Articles
| Open Access |
https://doi.org/10.5281/zenodo.19975272
THE PARADOX OF THE WHITE COAT WHY DOCTORS AND MEDICAL STUDENTS SMOKE
Dr. Aman Khandelwal , Assistant Teacher, Samarkand State Medical University Shahin Apsara , Medical Student , Samarkand State Medical University , Uzbekistan Shaikh Aftab , Medical Student , Samarkand State Medical University , Uzbekistan Suhel , Medical Student , Samarkand State Medical University , UzbekistanAbstract
There is perhaps no more striking contradiction in modern healthcare than the image of a physician in a white coat, stethoscope draped around the neck, stepping outside the hospital to light a cigarette. These are individuals who have devoted years of rigorous study to understanding human physiology, pathology, and the mechanisms of disease.
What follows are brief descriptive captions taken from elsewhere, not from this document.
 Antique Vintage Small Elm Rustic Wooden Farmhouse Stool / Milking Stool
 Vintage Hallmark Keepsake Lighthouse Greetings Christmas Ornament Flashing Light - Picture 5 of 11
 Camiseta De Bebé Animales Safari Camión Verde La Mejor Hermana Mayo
They counsel patients daily on the dangers of tobacco, recounting the well-established links between smoking and lung cancer, cardiovascular disease, chronic obstructive pulmonary disease, and premature mortality. Yet, a substantial proportion of these same healthcare providers continue to smoke.
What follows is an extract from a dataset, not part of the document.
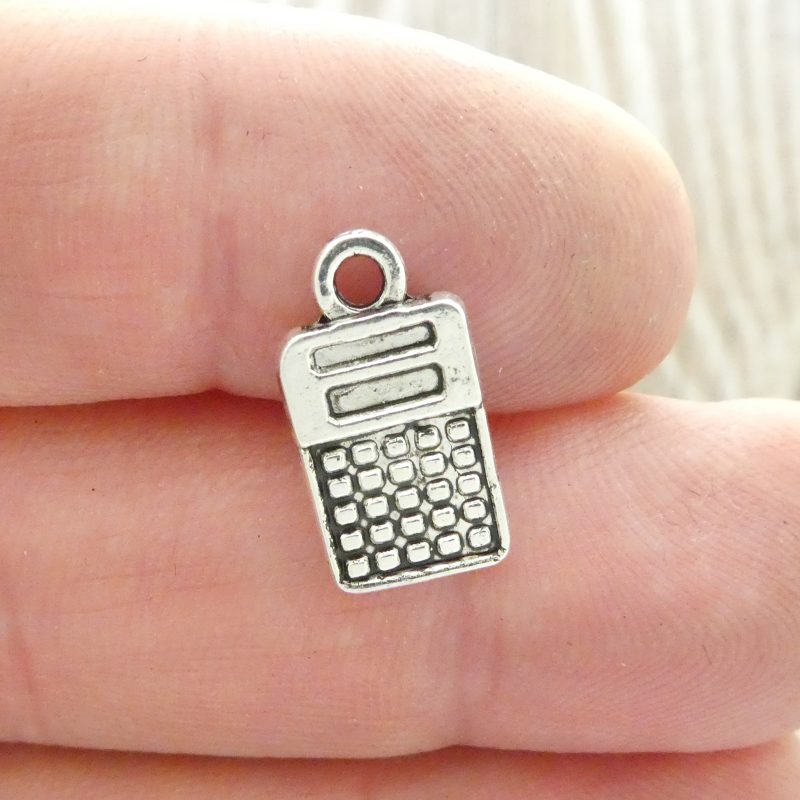 Silver Calculator Charm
The phenomenon is not limited to practicing physicians. Medical students, those still in the formative stages of their professional identity, also exhibit smoking rates that rival or even exceed those of the general population in certain regions. This narrative review explores the multifaceted reasons behind this paradoxical behavior, examining the prevalence of tobacco use among doctors and medical students worldwide, the psychological and social forces that drive initiation and maintenance of smoking in these populations, the unique occupational stressors that contribute to tobacco dependence, and the broader implications for public health and medical education.
Keywords
Physician smoking; medical student tobacco use; healthcare professional substance use; smoking prevalence among doctors; occupational stress and smoking; knowledge-behavior gap; tobacco cessation in medical education; burnout and coping mechanisms; physician health behaviors; tobacco control policies.
References
Smith, D. R., & Leggat, P. A. An international review of tobacco smoking among medical students. Journal of Postgraduate Medicine, 2007. (Classic global review)
World Health Organization. Tobacco Free Initiative: Health Professionals. Various reports on physician smoking rates globally.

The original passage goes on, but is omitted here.